Il ‘One man band’ Scott H. Biram (suona chitarre, tastiere e percussioni) con Fever Dreams porta a quota 12 il conto degli album.
La ricetta di blues/rock e ballate roots è ancora vincente, non tradisce uno spirito errante, da pioniere in terra d’America che macina strada e asfalto senza meta, tra alcol, motel fatiscenti, storie di Truckers, con l'essenza spirituale di un peccatore che litiga con amori perduti.

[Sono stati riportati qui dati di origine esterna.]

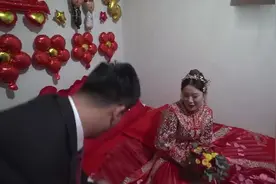 接亲现场，新郎官正在找婚鞋，伴娘们把婚鞋藏的好隐蔽视频封面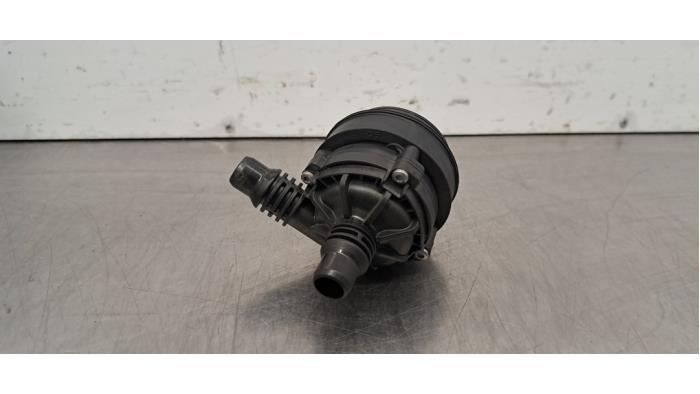 Pompe à eau supplémentaire Mercedes Sprinter Pompe à eau supplémentaire Mercedes Sprinter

Il ‘quadretto poco natalizio’, dato il periodo, cozza contro una sorta di sogno in musica,
Fever Dreams (l’affascinante ballata d’apertura) va direttamente dritta ai nostri sentimenti, allo spazio crepuscolare nel profondo della nostra anima, sfiorando soltanto la nostra coscienza diurna nella schietta e ruvida
Hobo Jungle.
Nelle ballate roots, come la splendida
Can't Stay Long, non c’è bisogno di una chiave speciale per farsela piacere (una parola, un suono della chitarra, una luce, una visione di dove sta andando a parare su una delle tante highways solcate) per svelarsi nel suo significato eternamente sfuggente tra religione, alcool e redenzione della deliziosa e nervosa
Drunk Like Me.
Un ricordo al Dio, dato il periodo,
Townes Van Zandt con
Highway Kind, qualche eccesso perdonabile nel finale (da
Whatcha Gonna Do a sfuriate country, meglio una
Hallelu ad esempio) ma comunque Fever Dreams mostra che
Scott H. Biram ha ancora “sete”.
Di qualcosa cui tende speranzoso, e bisogna seguirlo, ancora una volta.